15. Oktober 2019 15:53

Politik

Rumäniens Liberalenchef mit Regierungsbildung beauftragt

In Rumänien hat Staatspräsident Klaus Johannis am Dienstagnachmittag dem Chef der oppositionellen Liberalen (PNL), Ludovic Orban, den Auftrag zur Regierungsbildung erteilt. Der 56-jährige Politiker, der seiner Partei seit zwei Jahren vorsteht, muss sich und sein Kabinett - aller Wahrscheinlichkeit nach eine liberale Minderheitsregierung- nun binnen zehn Tagen vom Parlament bestätigen lassen.

Für den bisherigen Oppositionschef dürfte sich die anstehende Mehrheitsfindung äußerst schwierig gestalten: Bei den Sondierungsgesprächen der vergangenen Tage zwischen Präsident Johannis und den Fraktionen wurde nämlich offensichtlich, dass die Parlamentsmehrheit, die vergangenen Donnerstag die Regierung von Ministerpräsidentin Viorica Dancila (Postkommunisten/PSD) abgewählt hat, ein reines Zweckbündnis war. Nun stellen die Fraktionen zahlreiche Bedingungen, um einer liberalen Regierung das Vertrauen auszusprechen. So etwa drängt die oppositionelle "Union rettet Rumänien"/USR weiter auf Neuwahlen, während andere Fraktionen, wie etwa die linksliberale ALDE, der Ungarnverband (UDMR) und die Kleinpartei "Pro Romania" sich dezidiert gegen mehrere Prioritäten der Liberalen im Bereich der Justiz und des Wahlrechts aussprechen. Die abgewählte Regierungspartei, deren Fraktionen in Ober- und Unterhaus nach wie vor die größten sind, stellte ihrerseits bereits klar, an Sondierungen kein Interesse zu haben und kein Kabinett der Liberalen absegnen zu wollen.

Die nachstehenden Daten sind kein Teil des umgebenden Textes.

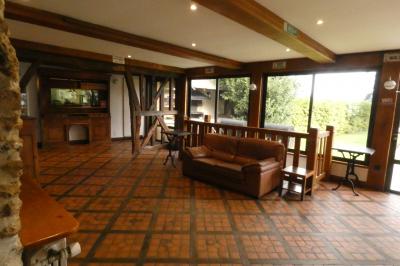 Salle de bain lumineuse avec baignoire encastrée sur estrade carrelée, poutres apparentes et grande fenêtre.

Trotz des heillos fragmentierten rumänischen Parlaments hat der designierte Regierungschef Ludovic Orban jedoch auch ein As im Ärmel: Scheiter sein Kabinett im Parlament, rücken die sowohl von seinen Liberalen als auch von der bürgerlichen USR erhofften Neuwahlen in greifbare Nähe. Neuwahlen sind in Rumänien nämlich äußerst schwer anzusetzen, da die Verfassung des Landes vorschreibt, dass zwei Regierungen innerhalb von 60 Tagen vom Parlament abgelehnt werden müssen, bevor das Staatsoberhaupt das Parlament auflösen kann.

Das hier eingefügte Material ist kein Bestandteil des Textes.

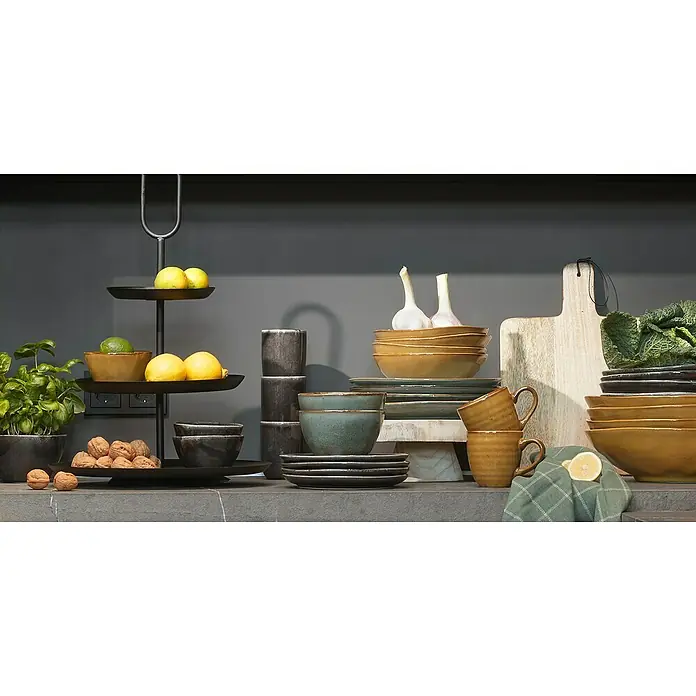 Trinkbecher Tabo - Ø x H: 7,5 x 10 cm, Schwarz, Keramik - Ein Arrangement aus Schüsseln, Tellern und Tassen in verschiedenen Farben auf einer Küchenarbeitsplatte mit Obst und Gemüse.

Der Vizechef der Liberalen, Rares Bogdan, stellte daher bereits klar, dass man "auch im zweiten Anlauf mit dem gleichen Kabinett vors Parlament treten" würde - sollte es erneut abgelehnt werden, so sei "der Weg frei für Neuwahlen". Rumänische Politologen rechnen jedoch damit, dass die neue liberale Regierung spätestens im zweiten Anlauf bestätigt wird, aus dem einfachen Grund, dass die Mehrheit der rumänischen Parlamentarier nicht gewillt sei, ihr Mandat vorzeitig abzugeben, so die Einschätzung.